Sunday, October 11, 2015

Additivity in yeast quantitative traits



A new paper from the Kruglyak lab at UCLA shows yet again (this time in yeast) that population variation in quantitative traits tends to be dominated by additive effects. There are deep evolutionary reasons for this to be the case -- see excerpt below (at bottom of this post). For other examples, including humans, mice, chickens, cows, plants, see links here.
Genetic interactions contribute less than additive effects to quantitative trait variation in yeast (http://dx.doi.org/10.1101/019513)

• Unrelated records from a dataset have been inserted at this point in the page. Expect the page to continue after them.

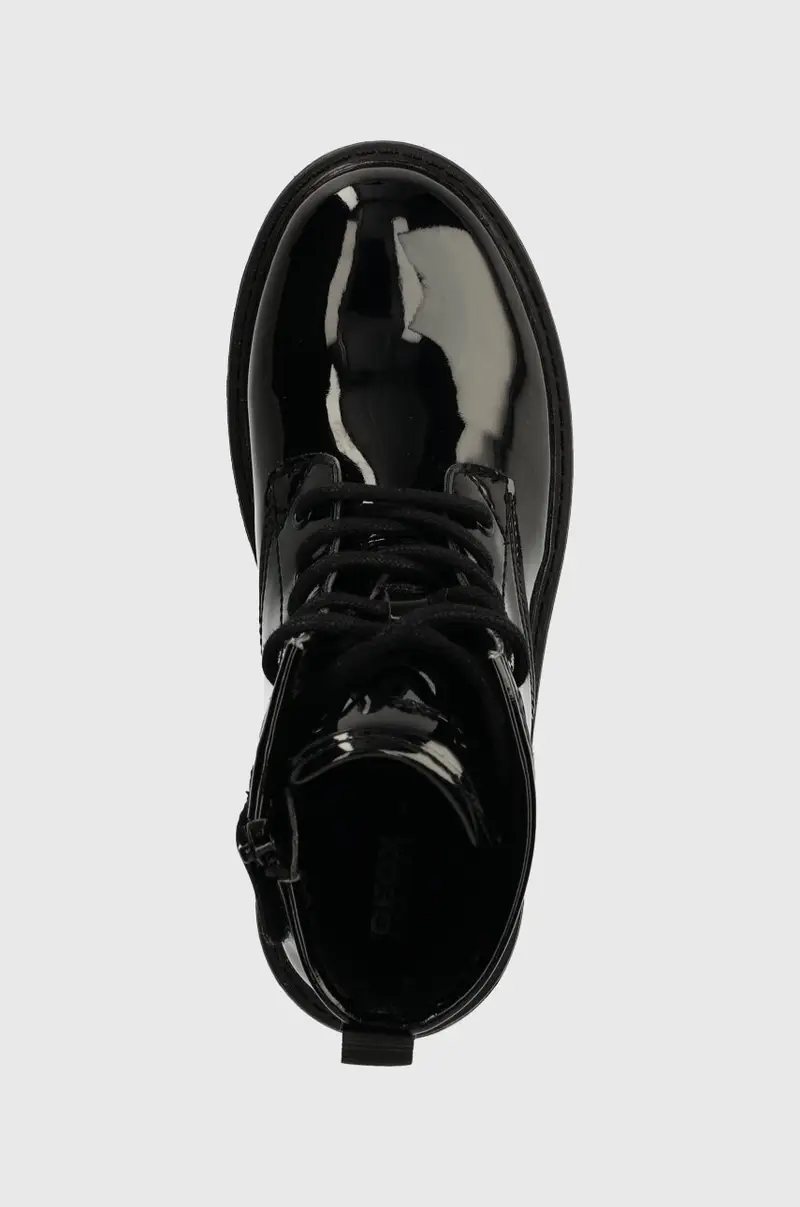 scarpe da lavoro Nero miniatura 4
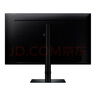 三星（SAMSUNG）27英寸 S61F IPS 2K 100Hz 窄边框 低蓝光不闪屏 旋转升降 高清 电脑 办公 显示器 LS27F610EACXXF 实拍图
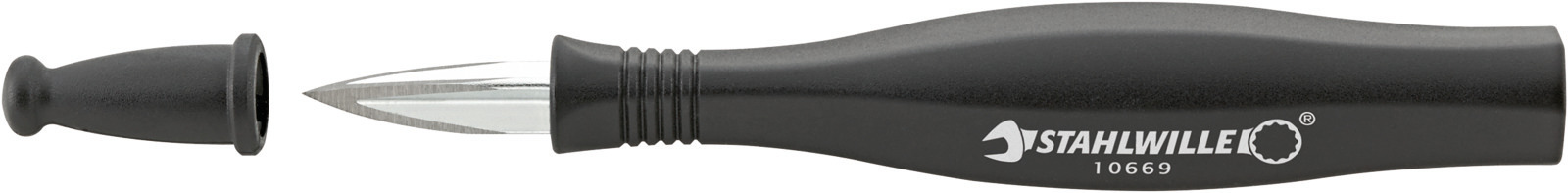 SW10669 RASCHIETTO TRIANGOLARE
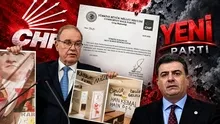 CHP-Yeni Parti kavgasında 5 milyonluk transfer skandalı! Özelin imzası var... Katakulliyle nasıl çöktüğünüzü açıklayın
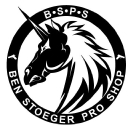 Ben Stoeger Pro Shop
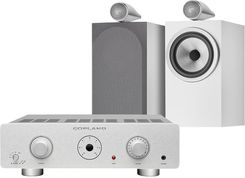 Zdjęcie Copland Csa70 Srebrny + 705 S3 Biały - Pszów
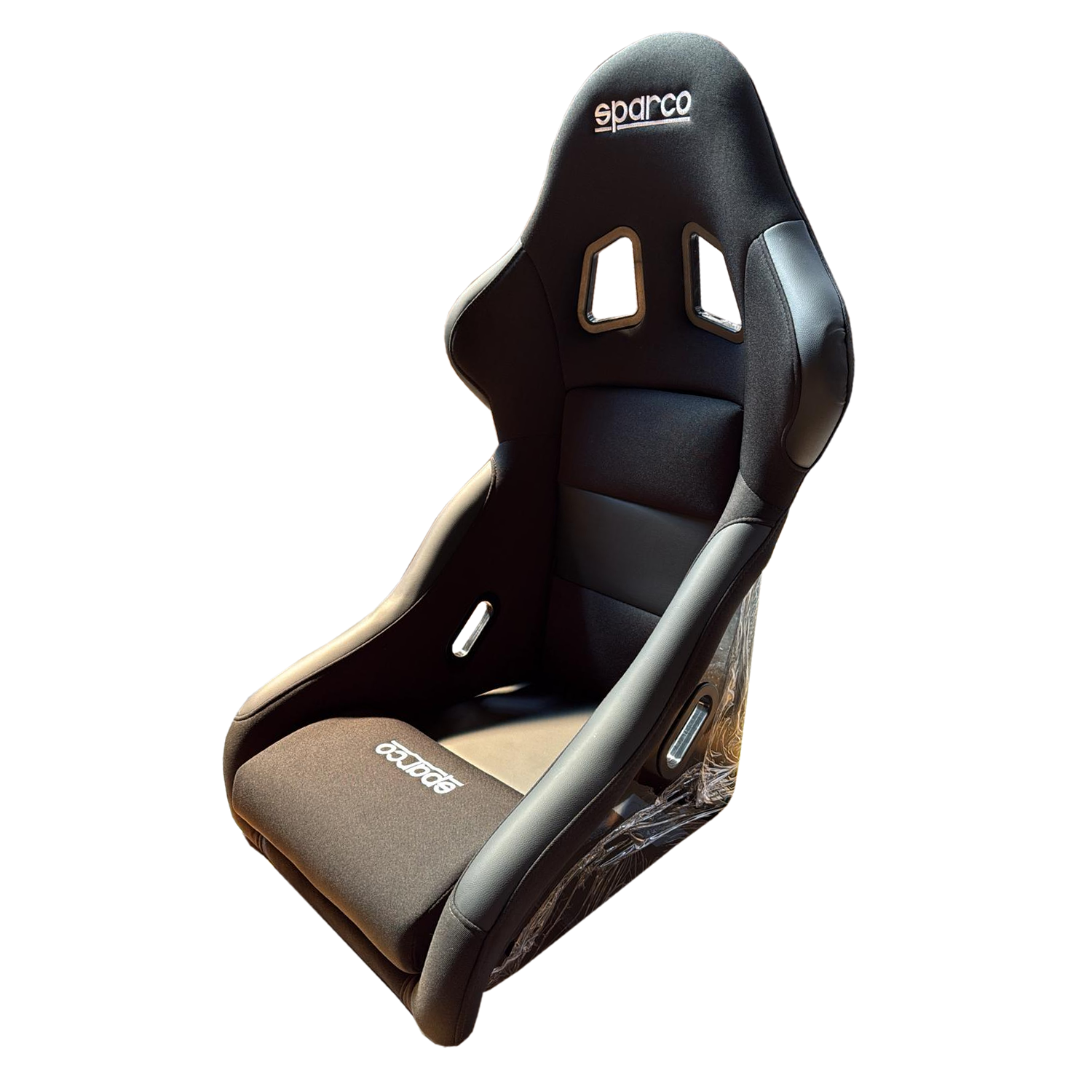 BUTACA DEPORTIVA SPARCO FIJA
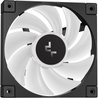 Refrigeración líquida AIO - DEEPCOOL LP360 - 3 ventiladores ARGB de 12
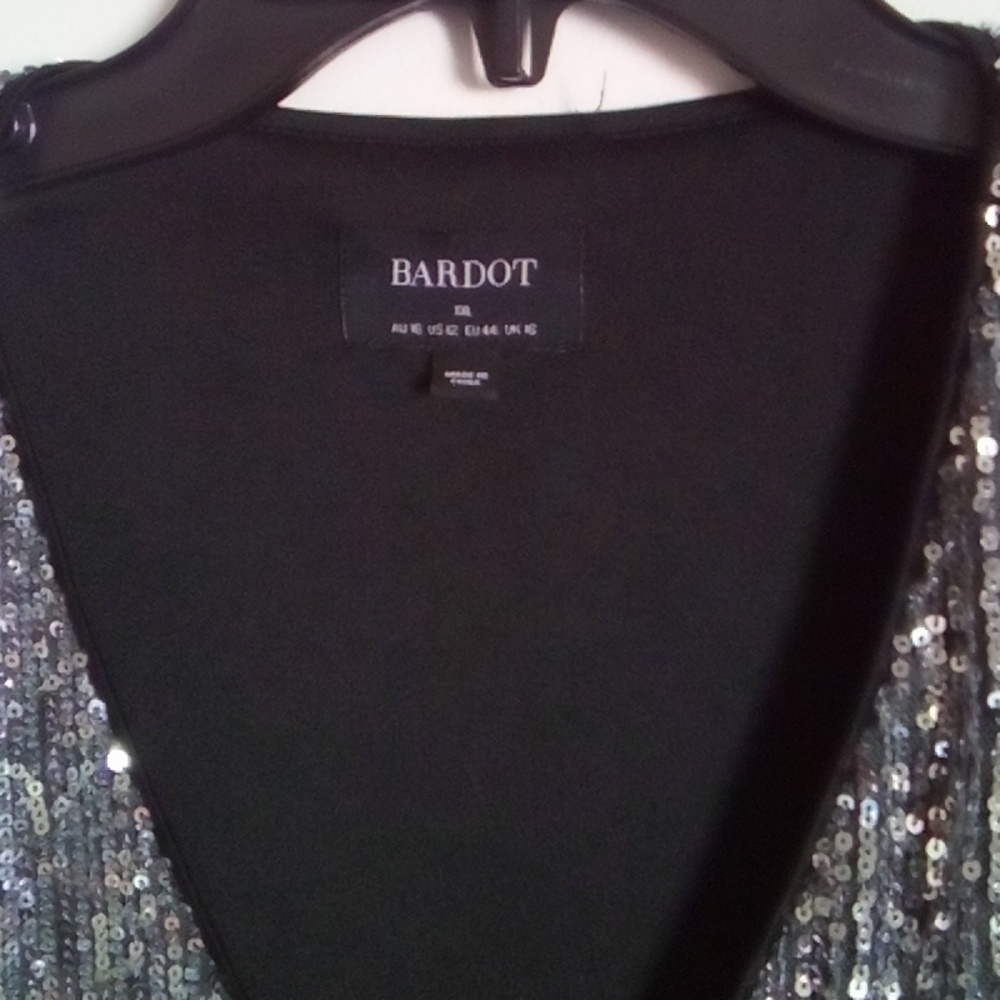 Blouse - Picture 5 of 6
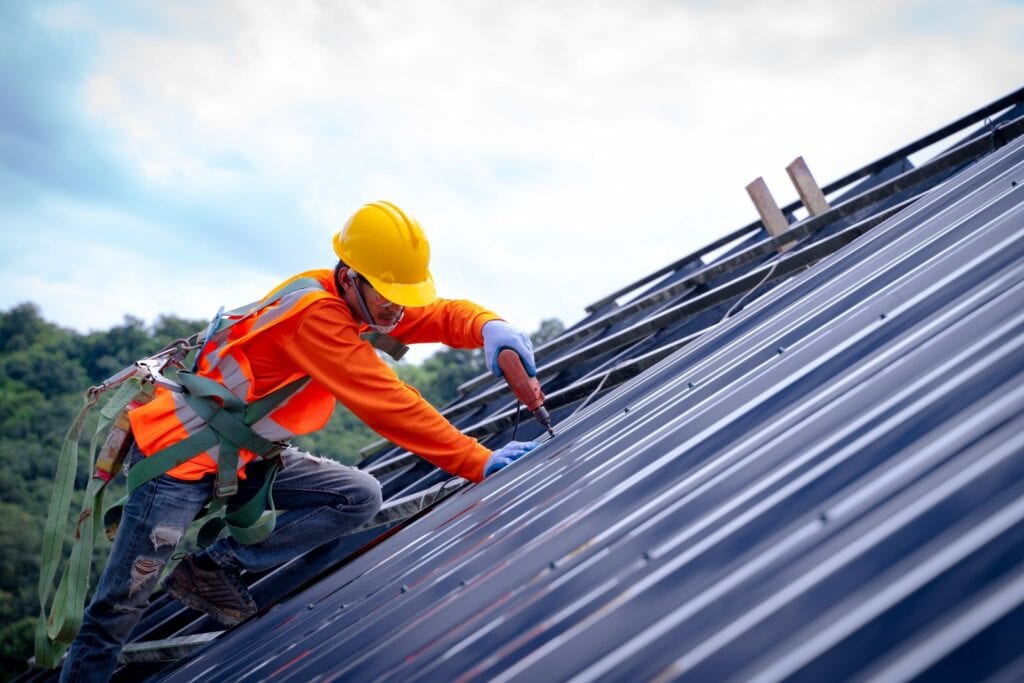 CanDo Roofing, photo 3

Genetic mapping studies of quantitative traits typically focus on detecting loci that contribute additively to trait variation. Genetic interactions are often proposed as a contributing factor to trait variation, but the relative contribution of interactions to trait variation is a subject of debate. Here, we use a very large cross between two yeast strains to accurately estimate the fraction of phenotypic variance due to pairwise QTLQTL interactions for 20 quantitative traits. We find that this fraction is 9% on average, substantially less than the contribution of additive QTL (43%). Statistically significant QTL-QTL pairs typically have small individual effect sizes, but collectively explain 40% of the pairwise interaction variance. We show that pairwise interaction variance is largely explained by pairs of loci at least one of which has a significant additive effect. These results refine our understanding of the genetic architecture of quantitative traits and help guide future mapping studies.


Genetic interactions arise when the joint effect of alleles at two or more loci on a phenotype departs from simply adding up the effects of the alleles at each locus. Many examples of such interactions are known, but the relative contribution of interactions to trait variation is a subject of debate1–5. We previously generated a panel of 1,008 recombinant offspring (“segregants”) from a cross between two strains of yeast: a widely used laboratory strain (BY) and an isolate from a vineyard (RM)6. Using this panel, we estimated the contribution of additive genetic factors to phenotypic variation (narrow-sense or additive heritability) for 46 traits and resolved nearly all of this contribution (on average 87%) to specific genome-wide-significant quantitative trait loci (QTL). ...

We detected nearly 800 significant additive QTL. We were able to refine the location of the QTL explaining at least 1% of trait variance to approximately 10 kb, and we resolved 31 QTL to single genes. We also detected over 200 significant QTL-QTL interactions; in most cases, one or both of the loci also had significant additive effects. For most traits studied, we detected one or a few additive QTL of large effect, plus many QTL and QTL-QTL interactions of small effect. We find that the contribution of QTL-QTL interactions to phenotypic variance is typically less than a quarter of the contribution of additive effects. These results provide a picture of the genetic contributions to quantitative traits at an unprecedented resolution.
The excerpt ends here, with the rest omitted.